» **ACTIVITY**
Pictures excluded, please transcribe exactly the lines from the one with "Catherine Lansfield Natural" through the end of the records below, and nothing more.

» **GIVEN DATA**
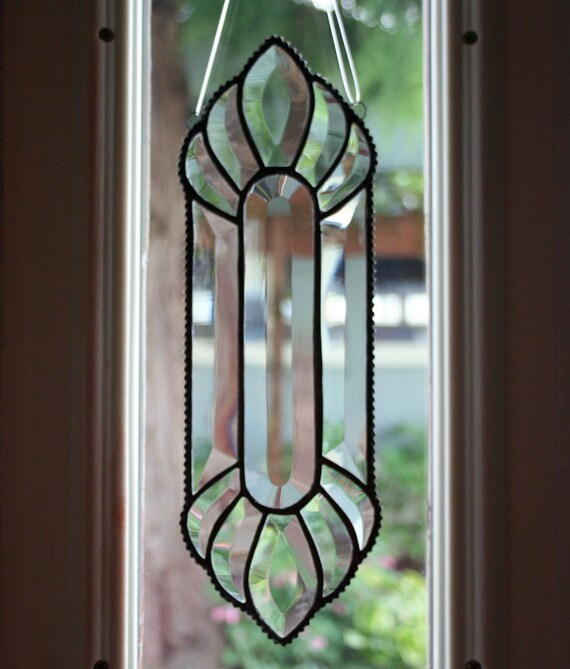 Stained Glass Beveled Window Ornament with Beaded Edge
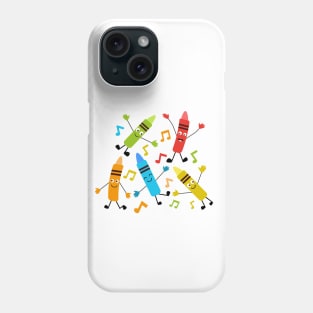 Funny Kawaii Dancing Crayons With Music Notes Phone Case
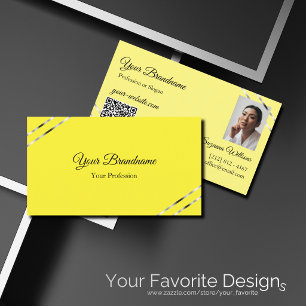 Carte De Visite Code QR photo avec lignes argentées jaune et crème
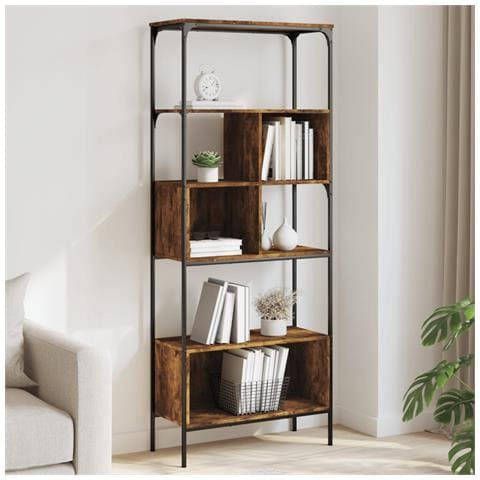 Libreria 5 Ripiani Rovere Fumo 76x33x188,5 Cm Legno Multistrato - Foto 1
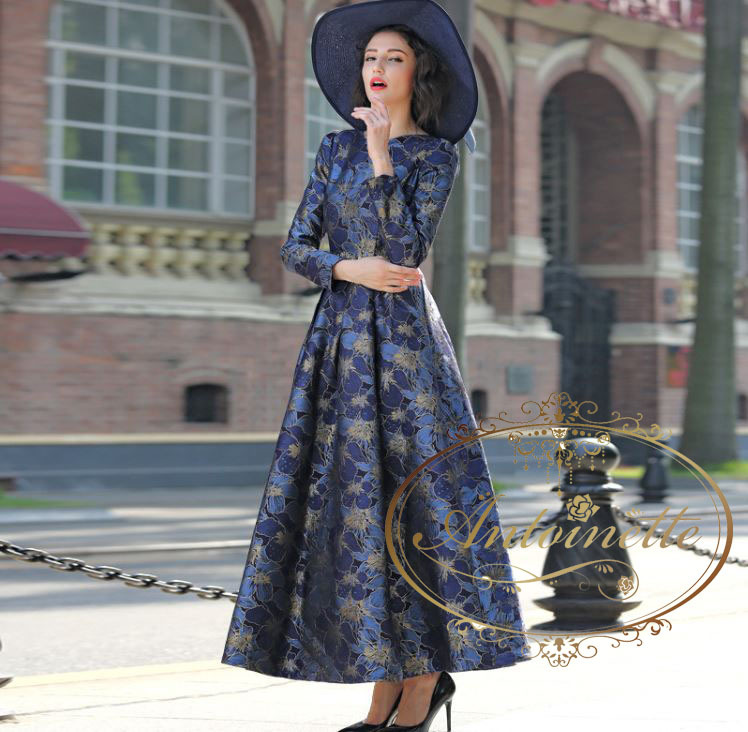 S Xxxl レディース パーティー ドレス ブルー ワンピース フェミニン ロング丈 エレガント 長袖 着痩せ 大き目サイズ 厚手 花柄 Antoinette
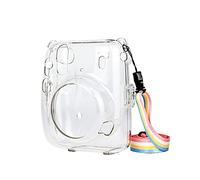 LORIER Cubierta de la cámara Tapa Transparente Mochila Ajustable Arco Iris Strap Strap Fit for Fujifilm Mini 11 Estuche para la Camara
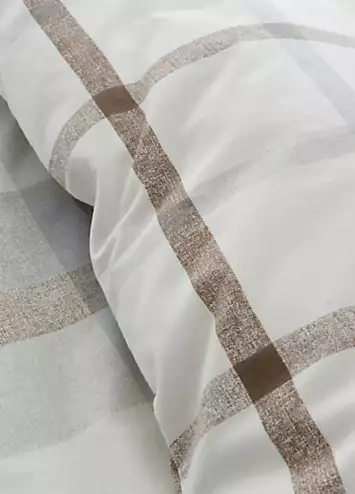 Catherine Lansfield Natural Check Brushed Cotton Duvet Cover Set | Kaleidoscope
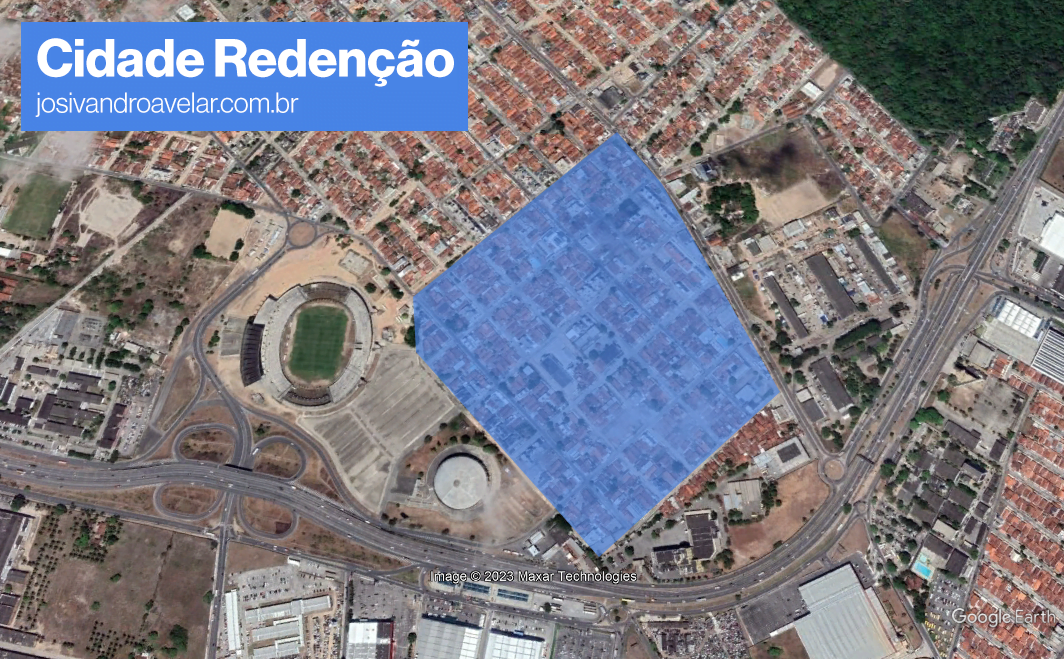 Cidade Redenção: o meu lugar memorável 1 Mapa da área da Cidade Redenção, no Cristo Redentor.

» **RESULT OF THIS TASK**
 Catherine Lansfield Natural Check Brushed Cotton Duvet Cover Set | Kaleidoscope
 Cidade Redenção: o meu lugar memorável 1 Mapa da área da Cidade Redenção, no Cristo Redentor.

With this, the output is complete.